Bazen içimden bir ses annemi öldürmem konusunda beni yüreklendirir ama her şey normalmiş gibi davranmaya devam ederim. Bu konuda çok yetenekliyim, bedenimi dışarıdan izler, bana yapılan her şeyi sadece seyrederim. Hayır paniğe kapılmayın, bedenim ve ben bazen yan yana uyuruz. Dosttur ama onunla mesafeli olmak zorundayım...
Mesafe demişken anlaşılmaktan hoşlanmam, sırf bu yüzden söz oyunlarıyla doktorumun zihnini bulandırıp, önemli şeyleri önemsiz şeylerin içine gizlerim... O bunu farkettiği anda hemen taktik değiştiririm.

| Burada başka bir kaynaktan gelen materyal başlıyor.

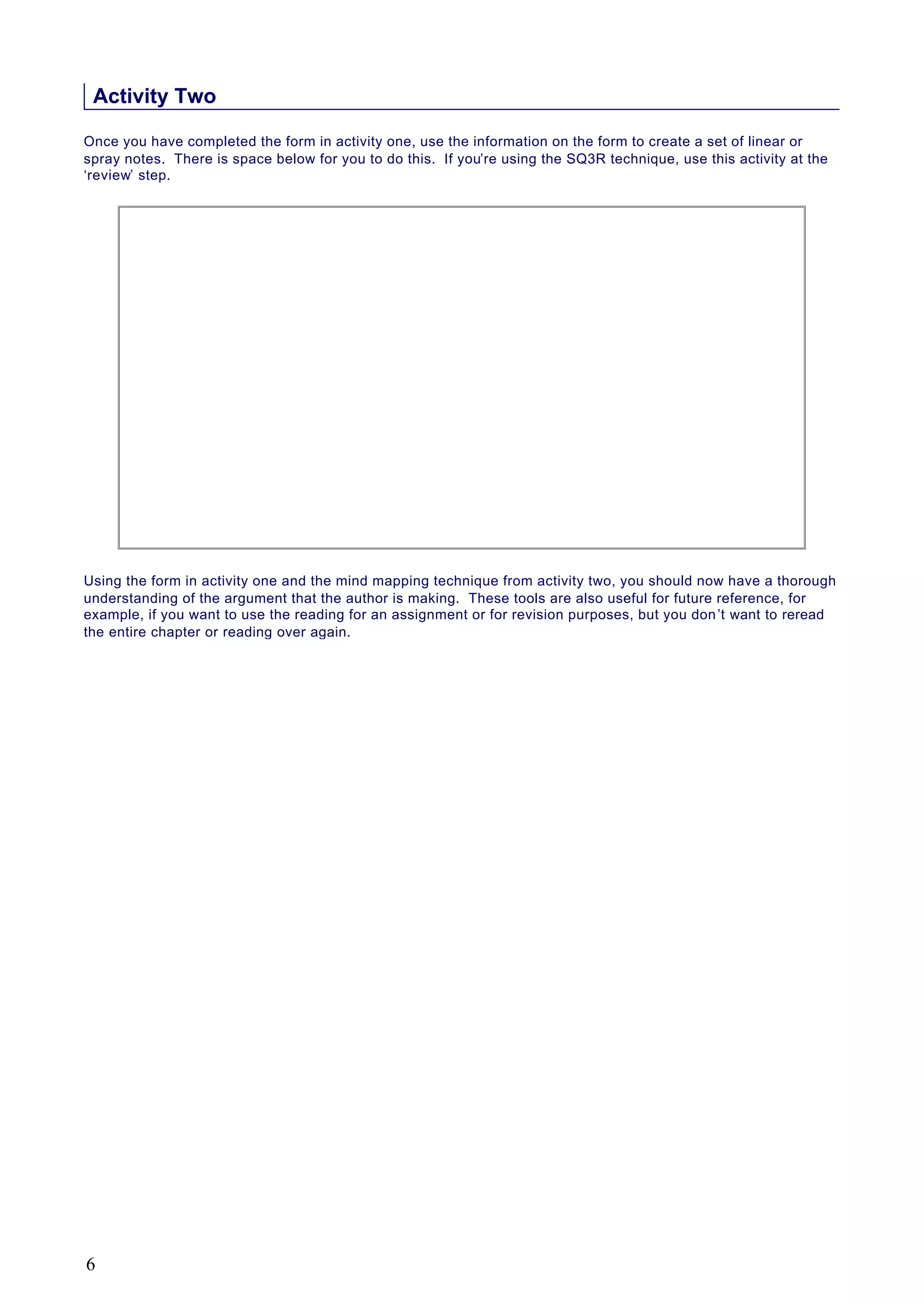Activity Two
Once you have completed the form in activity one, use the information on the form to create a set of linear or
spray notes. There is space below for you to do this. If you’re using the SQ3R technique, use this activity at the
‘review’ step.
Using the form in activity one and the mind mapping technique from activity two, you should now have a thorough
understanding of the argument that the author is making. These tools are also useful for future reference, for
example, if you want to use the reading for an assignment or for revision purposes, but you don’t want to reread
the entire chapter or reading over again.
6
 
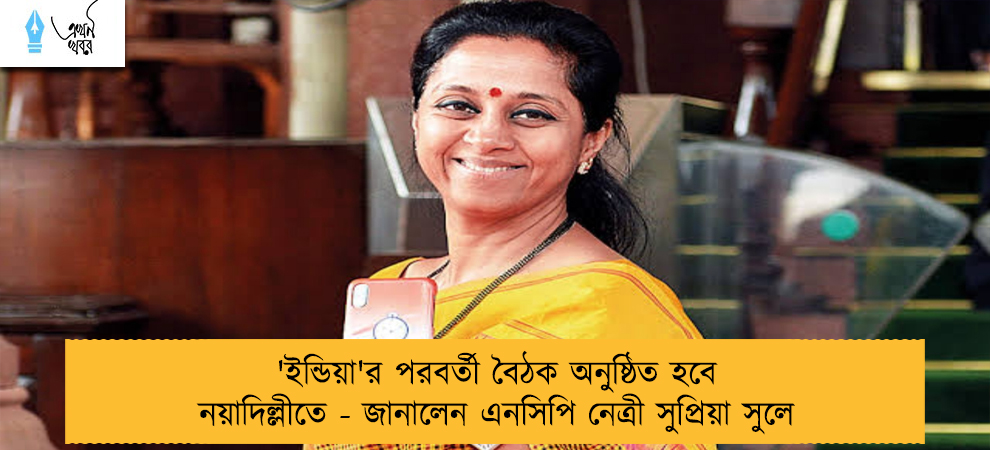 'ইন্ডিয়া'র পরবর্তী বৈঠক অনুষ্ঠিত হবে নয়াদিল্লীতে - জানালেন এনসিপি নেত্রী সুপ্রিয়া সুলে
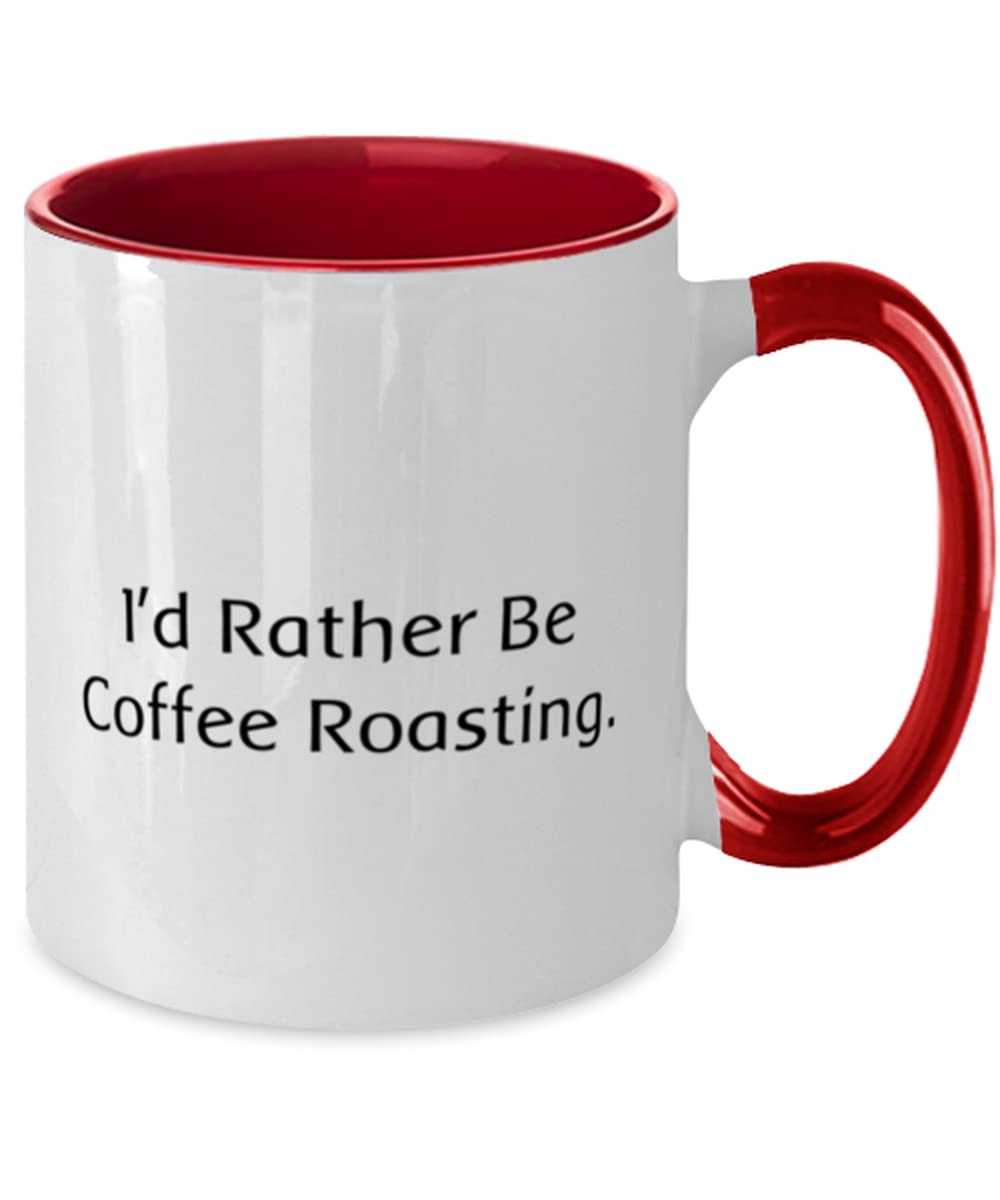 Cool Coffee Roasting Two Tone 11oz Mug, I'd Rather Be Coffee Roasting, Present For Men Women, Unique Gifts From Friends, Coffee Roasting Kit, Home Coffee Roaster, Coffee Bean Roaster, Electric Coffee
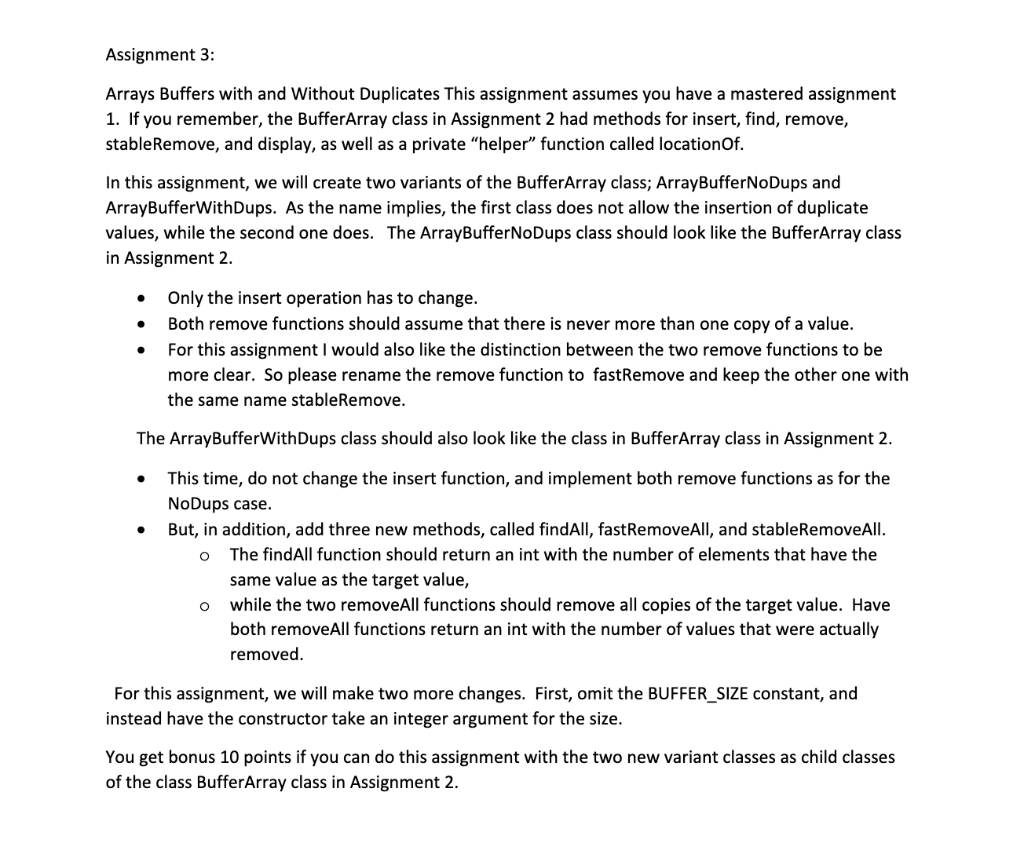 Please code in C++ Arrays Buffers with and Without Duplicates This assignment assumes you have a...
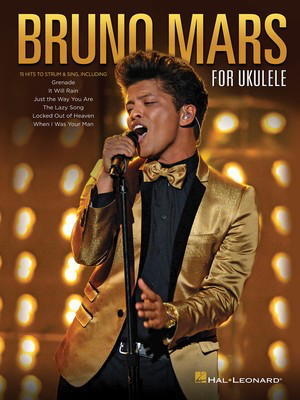 Bruno Mars for Ukulele - Ukulele Hal Leonard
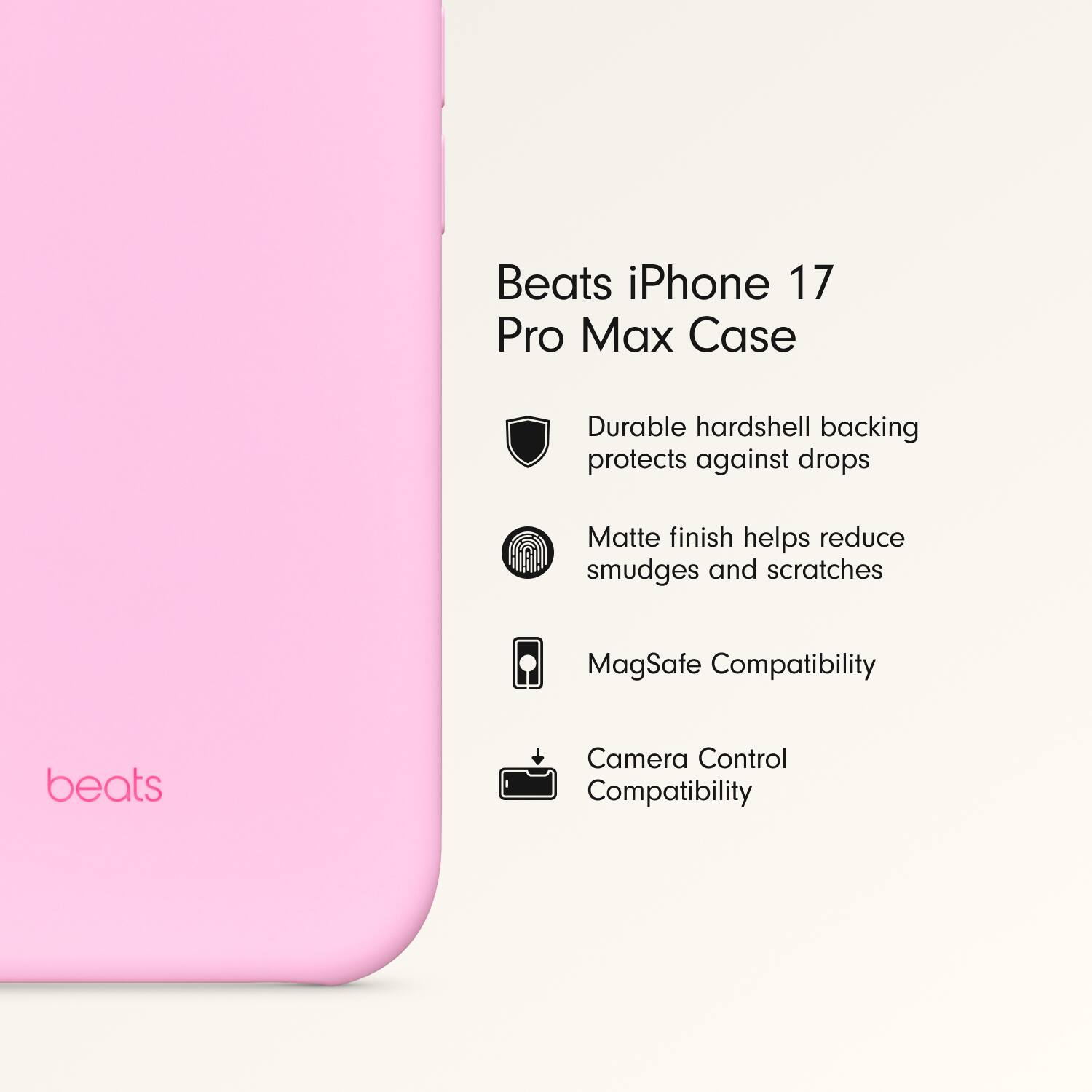 Beats iPhone 17 Pro Max Case

- Durable hardshell backing protects against drops
- Matte finish helps reduce smudges and scratches
- MagSafe Compatibility
- Camera Control Compatibility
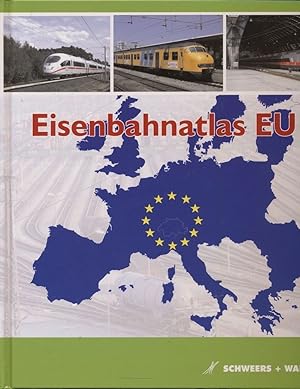 Seller image for Eisenbahnatlas EU. for sale by Versandantiquariat  Rainer Wlfel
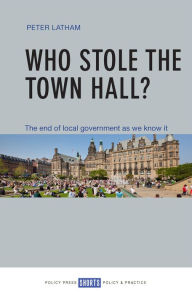 Title: Who Stole the Town Hall?: The End of Local Government as We Know It, Author: Peter Latham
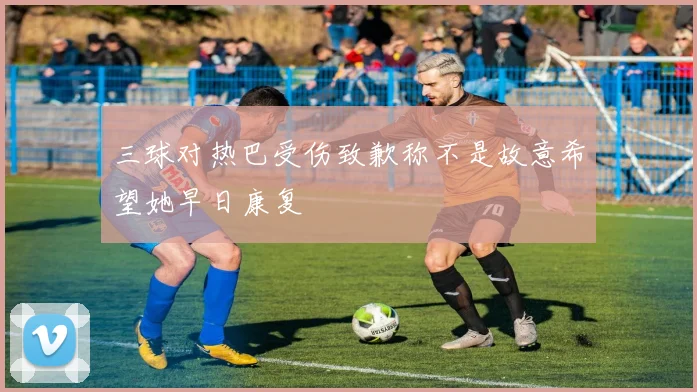 三球对热巴受伤致歉称不是故意希望她早日康复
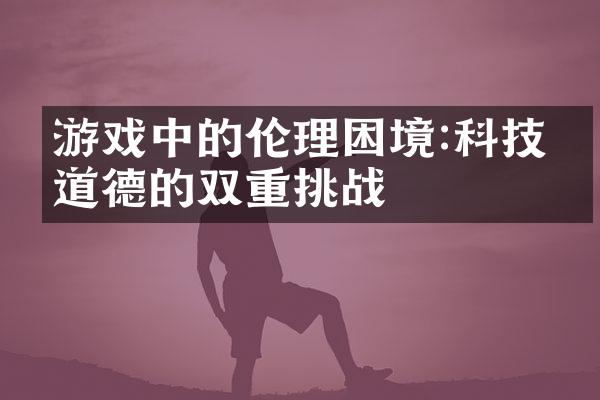游戏中的伦理困境:科技与道德的双重挑战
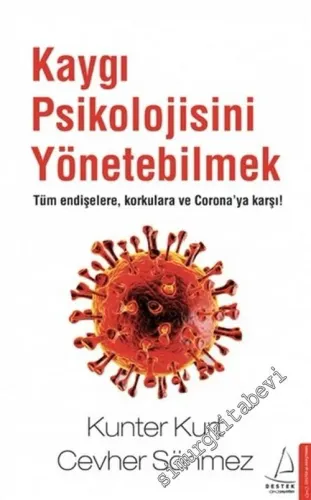 Kaygı Psikolojisini Yönetebilmek Tüm Endişelere Korkulara ve Corona'ya Karşı -        2020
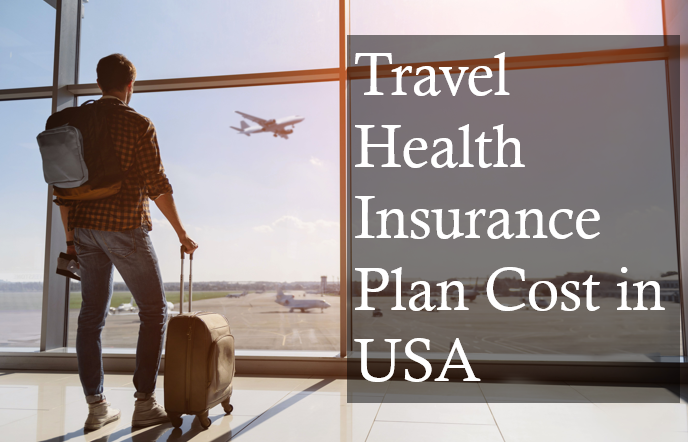 Travel Health Insurance Plan Cost in USA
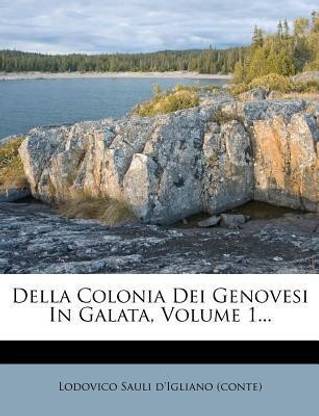 Della Colonia Dei Genovesi In Galata, Volume 1...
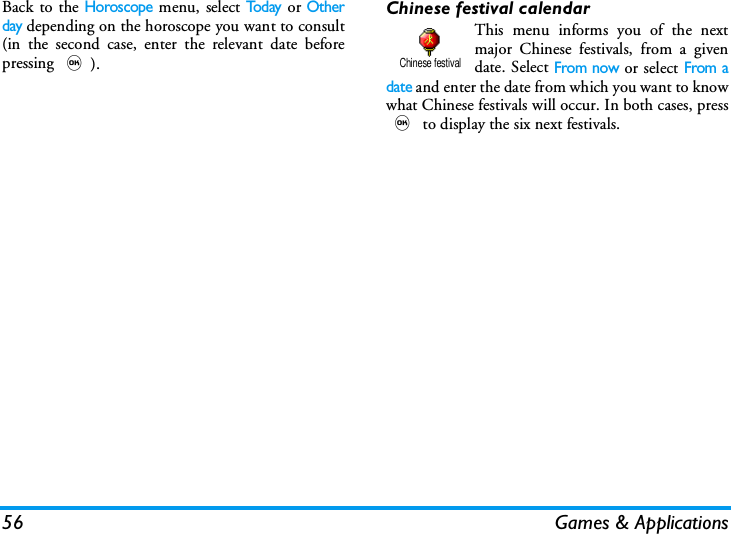 56 Games &amp; ApplicationsBack to the Horoscope menu, select Tod ay or Otherday depending on the horoscope you want to consult(in the second case, enter the relevant date beforepressing ,).Chinese festival calendarThis menu informs you of the nextmajor Chinese festivals, from a givendate. Select From now or select From adate and enter the date from which you want to knowwhat Chinese festivals will occur. In both cases, press, to display the six next festivals.Chinese festival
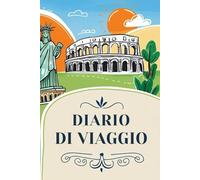 Diario di viaggio - My travel diary - quaderno regalo per viaggiatori e sognatori dalla mente aperta: Ogni viaggio lo vivi tre volte, quando lo sogni, ... e quando lo scrivi sul tuo diario di viaggio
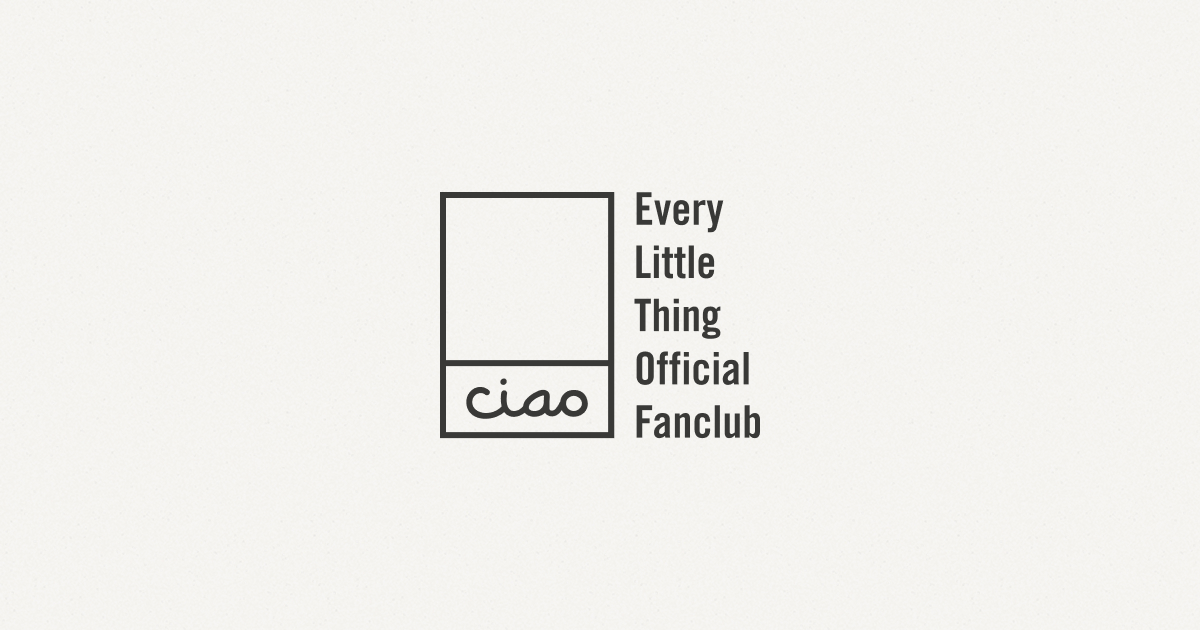 Every Little Thing OFFICIAL FAN CLUB「ciao」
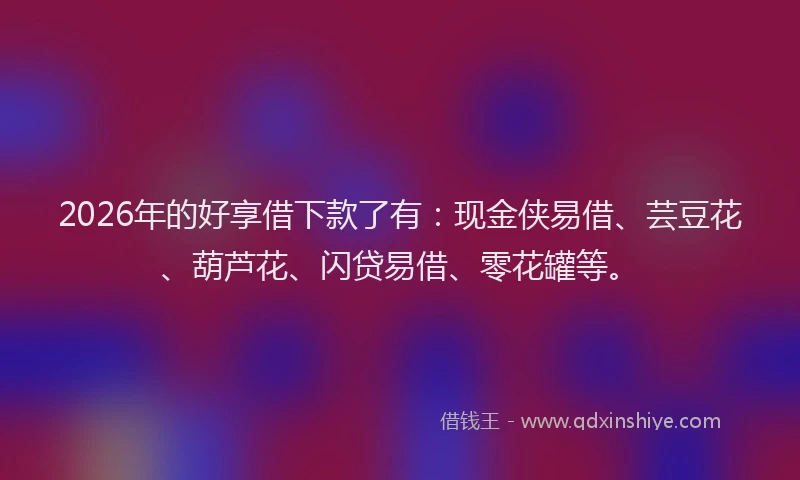 2026年的好享借下款了有：现金侠易借、芸豆花、葫芦花、闪贷易借、零花罐等。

Sevilmekten ölesiye nefret ederim. Çünkü sevilmek anlaşılmakla eş değerdedir ve ben gizemlerim olmadan bir hiçim. Birisi beni severse bana hükmedebilir, varlığıyla beni kaplar, küçülürüm, bütün kimliklerimi kaybederim. Buna izin veremem.
Birinden hoşlanırsam onun ruhunu kopyalarım, yerine geçip, onun gibi düşünmeye, davranmaya başlarım.Bu bazen çok zorlayıcı olabiliyor.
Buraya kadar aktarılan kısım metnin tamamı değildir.